Interview: Gina Jeffreys on Cruisin’ Country

2014background.jpgThe line-up of this year’s Cruisin’ Country 8 could hardly be more illustrious, bringing together brings together over 40 artists, including John Williamson, Troy Cassar-Daley, Graeme Connors, Sara Storer, Tania Kernaghan, Anne Kirkpatrick, James Blundell and Amber Lawrence. Joining them will be Gina Jeffreys, who is, without a doubt, one of Australia’s favourite country music artists. She’s also a delightful person to talk to, as I found out recently.

How many Cruisin’ Countries have you done?

This will be my third. We haven’t been in a couple of years. I did one on my own and I did one with the Songbirds [a trio consisting of Gina, Beccy Cole and Sara Storer]. But this is my third. Lots of the artists go nearly every year. It’s kind of a family holiday for them. I’m super excited to be heading back. It’s the funnest thing ever. It really is a blast. Awesome food, drinks, go to a show every night, lie by the pool. It’s just a dream come true.

Part of me wonders whether it’s a bit like the Tamworth Country Music Festival on the water?

That is exactly what it’s like. That’s the best way to explain it. For the people that come that love country music, everything is paid for. When you go to a different vessel you’re paying all the time for different shows, whereas this is a floating country music festival. There’s no doubt about it. But you get to really mingle more, I think, with the artists. We see all the fans at breakfast and lunch and dinner, and you’re having a holiday with country music lovers. It’s really unique. And it’s really fun actually. I really enjoy it.

 

The first time you went – because I’m just thinking of you seeing your audience at breakfast and whatever – did it feel like you’re not going to have any down time? It sounds like you enjoy getting to know people.
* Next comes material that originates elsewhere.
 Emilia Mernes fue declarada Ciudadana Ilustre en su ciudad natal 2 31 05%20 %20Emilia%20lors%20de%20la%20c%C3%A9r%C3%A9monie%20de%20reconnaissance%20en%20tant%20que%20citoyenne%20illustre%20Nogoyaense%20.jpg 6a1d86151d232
Yes, absolutely. And you don’t really get any down time but, look, it’s a week and it’s what I do for a living, and I’m always super grateful to people who love the music and who come and support it. And I find it really fascinating to talk to them and see where they’re from. I think it might be overwhelming for some people, I guess, but, I’m a talker. So I’m looking forward to it. I think because I probably don’t do it all the time as well. For me – we’re not constantly on tour. We have a 15-year-old son and when he was born we stopped touring because he used to get travel sickness. He wasn’t a touring baby. And I’ve told this story 100 times, but, Beccy Coles’s baby would sleep in a guitar case backstage. And mine would only sleep in my arms and then he couldn’t even sleep in the car because he would be sick. So Beccy and Kasey’s [Chambers] babies were built to tour and mine just wasn’t. And then when he got older we decided that we wanted to not miss a cricket game and not miss a football game and all that sort of stuff. We just decided we wanted to be parents who stayed home with him. And we stopped touring, and we took ourselves off the road to parent him. And now he’s 15 and he’s a musician. He’s a guitarist and a drummer and now he’s saying to me, ‘Mum, when are you going on the road, and can I come, and how much do you pay?’
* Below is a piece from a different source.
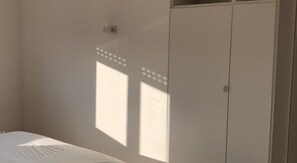 2 makuuhuonetta, vuodevaatteet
For a boy with two musical parents, how dare he not be a touring baby. But it sounds like he has corrected himself.

He’s corrected himself completely, yes. He’s a definite musician and he’s studying sound and he loves all that stuff. So now it’s okay for me to go back out. And I’m recording a new album. We are actually going to take a pre-release of the brand new album onto the ship, and I’ll be showcasing some of those new songs. Because I’d stopped recording and everything because I just really wanted to be a mum and focus on raising him. And now I feel like I’ve got the freedom to be recording again and be going back out and doing gigs. And this one, of course, is an absolute highlight, really, of all touring. It’s insanely fun for us. It’s insanely fun for the people on board as well, but we have a whole lot of fun. It’s kind of like coming home again. It’s like coming back to what I actually do. I’m really looking forward to playing some new songs and just playing again.
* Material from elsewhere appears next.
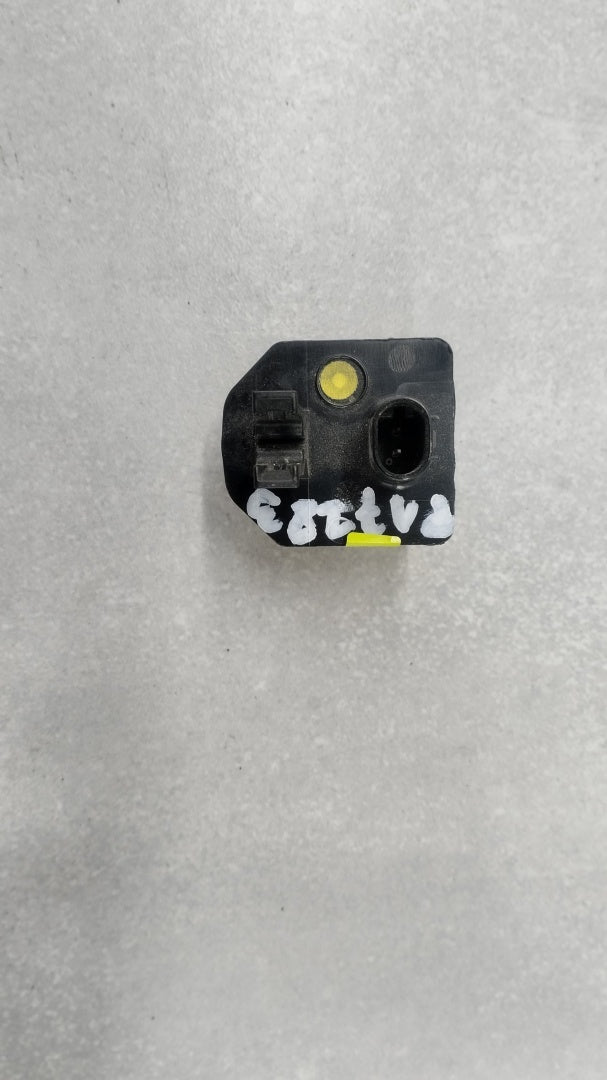 Lampka Led podświetlenie progu listwy progowej lijevi LH BMW G26 7932353-04-01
Taking a break from country music – I think it is the one genre where you can do that, really, because the audience doesn’t necessarily demand that you put out an album every year, they don’t demand that you’re 21 eternally, as some genres of music do.

That’s right. Honestly, it’s lovely. And they’re ever faithful. I think that a country music fan – they just love you. And they’re more like friends probably than, maybe, any other industry. Not that I’ve ever been in a different genre. But they stand by you and are excited for new releases and understood, I think, while I stopped to be a mum. And I’m hoping that they like the new album. But the country music circle feels like a big family less than, you know, you’re the artist and they’re the fan. All the artists are friends as well, so it is like a big family. And I think they don’t mind that I’m 50 now hopefully, not 21.

Back to the cruise – of course your brother-in-law, Jeff McCormack, is going to be a part of the house band. So I’m wondering if that means it’s hard for you to have a few shandies and dance on table tops when he’s around?

Not at all. I’ve played with Jeff a lot. And my husband – Jeff’s brother, obviously –  will be playing in my band. Rod used to be the MD [music director] of the band on the ship when we were doing it all the time [Rod’s band, The Wheel, are reuniting for the cruise too]. But, no, that’s fine. I don’t mind at all. I’ve stood on stage next to my brother-in-law many, many times over many years. So it will be fine. It’s an amazing band. We’re just so lucky to jump up with such incredible musicians, and it’s world class. It’s just such high quality. It’s like a really, really high-quality country music festival. You know, just everything is very high level. And he’s a fun musician, so he doesn’t mind watching me have a couple of drinks. I’m sure he’ll have a few himself.

To the point of the quality of the music, I find the standard to be incredibly high. I do think Tamworth as a festival has had a lot to do with that, because someone like Jeff, I know, plays with so many artists. And so he has to be on his game the whole time and play multiple shows throughout the festival. And I just think that level of competition that’s at Tamworth, not in terms of bad rivalry, but just everyone having to be at a certain standard, has meant that Australian country music has become excellent.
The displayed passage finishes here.